If the outputs are not time-aligned, or with jitter, then you can explore convolutive blind source separation, superresolution (for BW extension), etc. but this margin is too thin to draw a complete panorama.

• Are there any programs or applications that do something like this? Or is this still within the realm or research? May 3, 2017 at 4:12
• In several domains, including array processing, such things are used May 3, 2017 at 9:21

As usual in DSP (as you might find out later (-: ), a "better" way can only be found if you define what "good" means to you as a number.

Classically, one would try to minimize the variance of the combined estimate, iff that estimates converges to the actual observed quantity's value (bias-free estimate).

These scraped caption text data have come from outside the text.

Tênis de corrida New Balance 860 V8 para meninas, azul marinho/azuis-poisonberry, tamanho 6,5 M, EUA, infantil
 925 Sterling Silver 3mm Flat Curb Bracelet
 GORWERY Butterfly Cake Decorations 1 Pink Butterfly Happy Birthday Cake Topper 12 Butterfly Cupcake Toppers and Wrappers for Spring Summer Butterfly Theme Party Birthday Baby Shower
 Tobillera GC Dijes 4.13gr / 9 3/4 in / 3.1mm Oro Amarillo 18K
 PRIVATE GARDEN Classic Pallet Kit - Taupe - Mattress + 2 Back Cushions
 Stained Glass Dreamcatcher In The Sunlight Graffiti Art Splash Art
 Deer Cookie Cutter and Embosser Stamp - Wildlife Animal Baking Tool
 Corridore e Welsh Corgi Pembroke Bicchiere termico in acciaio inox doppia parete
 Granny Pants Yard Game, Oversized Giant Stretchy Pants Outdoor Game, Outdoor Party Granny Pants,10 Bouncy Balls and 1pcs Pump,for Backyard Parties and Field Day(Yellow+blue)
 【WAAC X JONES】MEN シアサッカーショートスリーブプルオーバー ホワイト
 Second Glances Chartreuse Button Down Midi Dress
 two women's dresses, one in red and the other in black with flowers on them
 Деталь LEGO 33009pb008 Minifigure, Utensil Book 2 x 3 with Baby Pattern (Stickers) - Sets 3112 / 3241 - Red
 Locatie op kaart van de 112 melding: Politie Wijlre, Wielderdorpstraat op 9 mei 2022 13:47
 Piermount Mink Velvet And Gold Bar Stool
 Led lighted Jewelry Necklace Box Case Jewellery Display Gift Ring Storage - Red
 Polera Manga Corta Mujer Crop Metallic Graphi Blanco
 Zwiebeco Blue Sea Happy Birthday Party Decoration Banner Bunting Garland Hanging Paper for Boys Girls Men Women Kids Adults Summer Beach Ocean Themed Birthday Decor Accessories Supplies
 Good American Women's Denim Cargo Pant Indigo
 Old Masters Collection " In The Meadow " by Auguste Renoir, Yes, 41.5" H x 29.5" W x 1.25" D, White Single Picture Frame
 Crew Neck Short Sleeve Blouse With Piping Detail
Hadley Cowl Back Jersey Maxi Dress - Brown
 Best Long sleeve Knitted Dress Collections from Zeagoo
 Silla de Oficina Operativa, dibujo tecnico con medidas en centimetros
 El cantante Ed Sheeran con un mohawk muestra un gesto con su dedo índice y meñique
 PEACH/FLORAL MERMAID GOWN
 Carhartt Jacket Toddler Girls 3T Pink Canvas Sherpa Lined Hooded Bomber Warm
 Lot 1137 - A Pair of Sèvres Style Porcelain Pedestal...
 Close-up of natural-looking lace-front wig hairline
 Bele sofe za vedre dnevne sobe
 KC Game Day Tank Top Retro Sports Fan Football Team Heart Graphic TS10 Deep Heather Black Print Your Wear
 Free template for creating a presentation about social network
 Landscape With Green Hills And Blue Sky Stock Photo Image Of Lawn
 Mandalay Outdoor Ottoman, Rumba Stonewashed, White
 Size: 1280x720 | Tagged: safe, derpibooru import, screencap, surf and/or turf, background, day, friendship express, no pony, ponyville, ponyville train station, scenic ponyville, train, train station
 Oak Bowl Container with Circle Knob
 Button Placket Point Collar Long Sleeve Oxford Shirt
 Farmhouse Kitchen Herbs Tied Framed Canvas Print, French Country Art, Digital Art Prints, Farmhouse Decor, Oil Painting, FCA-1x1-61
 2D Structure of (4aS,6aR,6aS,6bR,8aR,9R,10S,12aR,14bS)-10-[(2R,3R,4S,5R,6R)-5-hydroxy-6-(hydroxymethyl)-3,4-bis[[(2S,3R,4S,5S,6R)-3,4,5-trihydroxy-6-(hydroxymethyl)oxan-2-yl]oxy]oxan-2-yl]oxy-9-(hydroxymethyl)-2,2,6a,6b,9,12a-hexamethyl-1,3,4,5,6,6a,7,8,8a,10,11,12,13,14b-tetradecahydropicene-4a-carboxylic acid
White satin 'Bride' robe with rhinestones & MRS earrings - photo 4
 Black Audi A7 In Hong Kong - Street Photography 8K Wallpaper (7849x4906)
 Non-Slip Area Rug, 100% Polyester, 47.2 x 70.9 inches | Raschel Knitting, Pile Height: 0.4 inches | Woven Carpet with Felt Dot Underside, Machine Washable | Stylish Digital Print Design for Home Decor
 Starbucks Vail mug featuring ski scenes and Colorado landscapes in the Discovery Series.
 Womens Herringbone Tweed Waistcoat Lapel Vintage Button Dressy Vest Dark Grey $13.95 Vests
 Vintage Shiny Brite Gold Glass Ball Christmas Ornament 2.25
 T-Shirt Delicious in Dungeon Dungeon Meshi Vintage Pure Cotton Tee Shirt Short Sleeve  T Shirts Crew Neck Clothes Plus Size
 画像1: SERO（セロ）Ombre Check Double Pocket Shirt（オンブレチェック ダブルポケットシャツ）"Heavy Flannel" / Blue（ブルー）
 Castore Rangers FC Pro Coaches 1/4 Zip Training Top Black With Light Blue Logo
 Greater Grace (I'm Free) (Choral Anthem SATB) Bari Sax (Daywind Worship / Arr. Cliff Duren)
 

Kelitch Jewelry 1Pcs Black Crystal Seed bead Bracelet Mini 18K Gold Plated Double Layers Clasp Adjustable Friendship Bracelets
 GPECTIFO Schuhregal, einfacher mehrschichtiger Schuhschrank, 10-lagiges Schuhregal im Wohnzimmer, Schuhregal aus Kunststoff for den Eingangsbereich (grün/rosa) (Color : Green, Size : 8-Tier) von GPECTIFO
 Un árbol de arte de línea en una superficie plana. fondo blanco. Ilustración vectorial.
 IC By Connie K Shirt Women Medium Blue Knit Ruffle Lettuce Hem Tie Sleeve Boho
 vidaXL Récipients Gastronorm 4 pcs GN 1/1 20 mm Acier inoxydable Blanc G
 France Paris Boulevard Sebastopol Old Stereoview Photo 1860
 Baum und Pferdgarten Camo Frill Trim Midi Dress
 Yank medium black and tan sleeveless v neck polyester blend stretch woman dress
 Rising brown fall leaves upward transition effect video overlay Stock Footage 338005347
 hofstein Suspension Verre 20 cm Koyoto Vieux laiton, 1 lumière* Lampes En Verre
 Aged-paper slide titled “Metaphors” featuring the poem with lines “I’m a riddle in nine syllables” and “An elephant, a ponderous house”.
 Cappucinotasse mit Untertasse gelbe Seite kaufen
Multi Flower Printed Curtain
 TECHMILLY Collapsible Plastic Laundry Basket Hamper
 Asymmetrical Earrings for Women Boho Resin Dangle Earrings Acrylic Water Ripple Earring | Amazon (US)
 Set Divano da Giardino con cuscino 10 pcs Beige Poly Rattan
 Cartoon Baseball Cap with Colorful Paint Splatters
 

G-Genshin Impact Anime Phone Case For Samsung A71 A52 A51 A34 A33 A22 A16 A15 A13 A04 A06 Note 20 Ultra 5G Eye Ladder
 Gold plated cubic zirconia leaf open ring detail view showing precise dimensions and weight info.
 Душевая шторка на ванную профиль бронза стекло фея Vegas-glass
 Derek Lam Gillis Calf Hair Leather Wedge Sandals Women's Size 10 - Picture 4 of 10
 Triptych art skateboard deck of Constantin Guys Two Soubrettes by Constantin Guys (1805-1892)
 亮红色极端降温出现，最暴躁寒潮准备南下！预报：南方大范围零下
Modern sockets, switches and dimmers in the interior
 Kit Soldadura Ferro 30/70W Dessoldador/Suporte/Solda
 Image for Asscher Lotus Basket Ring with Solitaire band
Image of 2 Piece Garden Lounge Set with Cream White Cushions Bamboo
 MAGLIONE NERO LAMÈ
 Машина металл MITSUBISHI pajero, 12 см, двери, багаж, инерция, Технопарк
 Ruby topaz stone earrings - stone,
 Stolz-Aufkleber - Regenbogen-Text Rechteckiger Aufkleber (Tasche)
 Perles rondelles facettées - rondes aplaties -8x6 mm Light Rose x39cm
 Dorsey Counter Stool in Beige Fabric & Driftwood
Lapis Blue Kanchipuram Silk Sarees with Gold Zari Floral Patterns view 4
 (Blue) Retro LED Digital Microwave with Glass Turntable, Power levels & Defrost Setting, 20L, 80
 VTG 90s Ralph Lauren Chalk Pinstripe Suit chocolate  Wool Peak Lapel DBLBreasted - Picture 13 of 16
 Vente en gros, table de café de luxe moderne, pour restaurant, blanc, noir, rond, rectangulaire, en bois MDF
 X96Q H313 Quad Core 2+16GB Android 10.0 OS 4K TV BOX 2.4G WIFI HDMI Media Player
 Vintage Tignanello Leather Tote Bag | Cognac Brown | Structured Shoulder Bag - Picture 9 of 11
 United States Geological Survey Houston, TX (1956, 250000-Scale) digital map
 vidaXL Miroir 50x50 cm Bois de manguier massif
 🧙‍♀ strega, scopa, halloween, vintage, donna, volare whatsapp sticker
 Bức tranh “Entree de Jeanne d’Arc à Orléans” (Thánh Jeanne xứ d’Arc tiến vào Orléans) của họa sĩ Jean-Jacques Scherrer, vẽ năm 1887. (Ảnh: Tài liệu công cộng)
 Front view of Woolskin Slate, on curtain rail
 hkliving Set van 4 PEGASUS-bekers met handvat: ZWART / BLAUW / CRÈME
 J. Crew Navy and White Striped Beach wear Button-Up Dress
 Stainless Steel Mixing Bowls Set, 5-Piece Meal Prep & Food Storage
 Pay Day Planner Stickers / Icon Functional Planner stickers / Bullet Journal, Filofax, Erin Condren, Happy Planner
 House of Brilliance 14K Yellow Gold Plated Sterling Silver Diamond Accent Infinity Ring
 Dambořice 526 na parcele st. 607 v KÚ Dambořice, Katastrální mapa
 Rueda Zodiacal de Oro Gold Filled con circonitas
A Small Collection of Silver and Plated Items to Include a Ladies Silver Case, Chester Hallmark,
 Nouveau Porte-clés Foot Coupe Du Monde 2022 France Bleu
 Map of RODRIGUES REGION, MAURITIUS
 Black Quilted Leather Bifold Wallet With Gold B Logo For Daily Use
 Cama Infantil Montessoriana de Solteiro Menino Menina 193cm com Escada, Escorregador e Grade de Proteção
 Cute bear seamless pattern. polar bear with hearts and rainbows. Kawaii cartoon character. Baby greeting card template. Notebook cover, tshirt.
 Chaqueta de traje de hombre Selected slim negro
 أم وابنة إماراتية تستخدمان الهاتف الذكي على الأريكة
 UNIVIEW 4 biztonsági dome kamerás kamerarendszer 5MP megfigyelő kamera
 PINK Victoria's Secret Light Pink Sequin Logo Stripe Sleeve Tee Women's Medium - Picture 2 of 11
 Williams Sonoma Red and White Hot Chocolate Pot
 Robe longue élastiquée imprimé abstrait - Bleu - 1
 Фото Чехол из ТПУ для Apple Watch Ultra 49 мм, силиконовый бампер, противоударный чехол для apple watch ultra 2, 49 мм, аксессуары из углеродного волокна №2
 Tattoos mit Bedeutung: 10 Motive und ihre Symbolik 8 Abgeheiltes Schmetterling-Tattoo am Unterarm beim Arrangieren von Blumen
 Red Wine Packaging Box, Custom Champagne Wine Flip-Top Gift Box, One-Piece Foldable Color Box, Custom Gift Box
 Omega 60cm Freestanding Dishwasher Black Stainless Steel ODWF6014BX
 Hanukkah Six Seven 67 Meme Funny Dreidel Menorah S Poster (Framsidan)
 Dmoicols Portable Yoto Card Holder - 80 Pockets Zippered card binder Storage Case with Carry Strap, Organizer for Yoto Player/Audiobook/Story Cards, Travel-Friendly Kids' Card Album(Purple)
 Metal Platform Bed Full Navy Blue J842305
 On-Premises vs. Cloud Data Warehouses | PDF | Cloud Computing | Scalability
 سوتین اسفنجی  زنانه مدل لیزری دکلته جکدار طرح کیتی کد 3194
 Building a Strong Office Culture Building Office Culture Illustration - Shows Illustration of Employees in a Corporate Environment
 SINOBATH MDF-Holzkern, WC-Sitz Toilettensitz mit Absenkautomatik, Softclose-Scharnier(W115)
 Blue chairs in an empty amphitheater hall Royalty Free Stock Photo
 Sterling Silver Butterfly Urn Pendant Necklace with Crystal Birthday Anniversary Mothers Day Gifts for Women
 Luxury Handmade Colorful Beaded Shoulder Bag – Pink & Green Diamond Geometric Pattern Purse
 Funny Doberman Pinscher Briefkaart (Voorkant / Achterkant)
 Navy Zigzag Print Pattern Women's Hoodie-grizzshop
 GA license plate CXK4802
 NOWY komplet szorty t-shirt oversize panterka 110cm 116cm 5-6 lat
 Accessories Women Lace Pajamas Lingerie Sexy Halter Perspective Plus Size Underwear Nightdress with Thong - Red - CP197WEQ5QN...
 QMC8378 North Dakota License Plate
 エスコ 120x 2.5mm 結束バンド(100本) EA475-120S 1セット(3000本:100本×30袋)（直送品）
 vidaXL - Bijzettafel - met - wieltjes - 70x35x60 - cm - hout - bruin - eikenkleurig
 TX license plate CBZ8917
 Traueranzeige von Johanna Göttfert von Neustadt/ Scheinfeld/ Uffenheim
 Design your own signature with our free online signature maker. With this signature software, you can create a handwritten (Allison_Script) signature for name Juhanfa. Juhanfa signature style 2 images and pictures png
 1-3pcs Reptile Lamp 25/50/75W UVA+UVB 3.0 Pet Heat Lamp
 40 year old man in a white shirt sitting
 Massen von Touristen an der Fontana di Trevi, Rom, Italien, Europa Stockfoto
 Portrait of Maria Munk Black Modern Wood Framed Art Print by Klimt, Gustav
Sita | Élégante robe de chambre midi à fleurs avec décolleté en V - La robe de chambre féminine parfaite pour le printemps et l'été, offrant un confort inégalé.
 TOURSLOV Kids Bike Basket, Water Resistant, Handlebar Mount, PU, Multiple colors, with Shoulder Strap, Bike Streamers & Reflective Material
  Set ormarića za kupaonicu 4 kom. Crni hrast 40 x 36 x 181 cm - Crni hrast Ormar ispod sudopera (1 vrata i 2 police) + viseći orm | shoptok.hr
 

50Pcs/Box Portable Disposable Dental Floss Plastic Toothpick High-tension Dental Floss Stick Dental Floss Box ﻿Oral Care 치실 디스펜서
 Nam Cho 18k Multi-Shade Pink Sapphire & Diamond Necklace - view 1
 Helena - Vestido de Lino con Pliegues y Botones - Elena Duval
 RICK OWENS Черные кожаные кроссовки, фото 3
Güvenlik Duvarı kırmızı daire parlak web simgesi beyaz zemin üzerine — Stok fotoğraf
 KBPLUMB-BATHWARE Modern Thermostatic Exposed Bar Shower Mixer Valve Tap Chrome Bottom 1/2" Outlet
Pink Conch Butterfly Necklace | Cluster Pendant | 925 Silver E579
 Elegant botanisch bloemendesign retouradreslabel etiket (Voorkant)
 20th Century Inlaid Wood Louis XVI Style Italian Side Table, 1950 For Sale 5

So, this is actually a pretty well-researched area; estimation theory, and what is optimal to your application does depend on your application and the properties of your sensor, so no general advice can be given. Rodrigo's advice to look into Kalman filters isn't bad – it's an often-used, popular and in many cases optimal solution to tracking changing quantities under multiple observations.

I've learned this in the lectures on Messtechnik (German: Measurement Technology), and hence, I only know German literature on the topic (measurement and control theory are topics where my local, and generally German universities have a rich history, so there's plenty of "original" literature in German). I'd go and ask someone who's studied EE or mechanical engineering and ask them what courses on metrology, measurement/estimation theory (or at least, control theory) they took and what they'd recommend.

An alternative to mean would be median. For Gaussian noise that is white in both the time axis of the sensor and on the sensor number axis, mean (average) is better than median. There are noise distributions for which median is better. "An Introduction to Nonlinear Image Processing" by Edward R. Dougherty and Jaakko Astola lists the asymptotic variances of mean and median of some symmetrical noise distributions of variance $\sigma^2$ as:

$$\begin{array}{lll} \text{Noise density}&\text{Mean}&\text{Median}\\ \text{Uniform}&\frac{\sigma^2}{N}&\frac{3\sigma^2}{N+2}\\ \text{Gaussian}&\frac{\sigma^2}{N}&\frac{\pi\sigma^2}{2N}\\ \text{Laplacian}&\frac{\sigma^2}{N}&\frac{\sigma^2}{2N} \end{array}$$

In the same vein, Seyhmus Güngören writes in an answer to a Mathematics Stack Exchange question:

Sample mean is the maximum likelihood estimator if the data at hand follows a Gaussian distribution. On the other hand, sample median is the maximum likelihood estimator of the mean if the data follows a Laplace distribution.

Median would work better than average in case there is little steady noise but sometimes one of the sensors malfunctions.

Another keyword is minimum-variance unbiased estimator.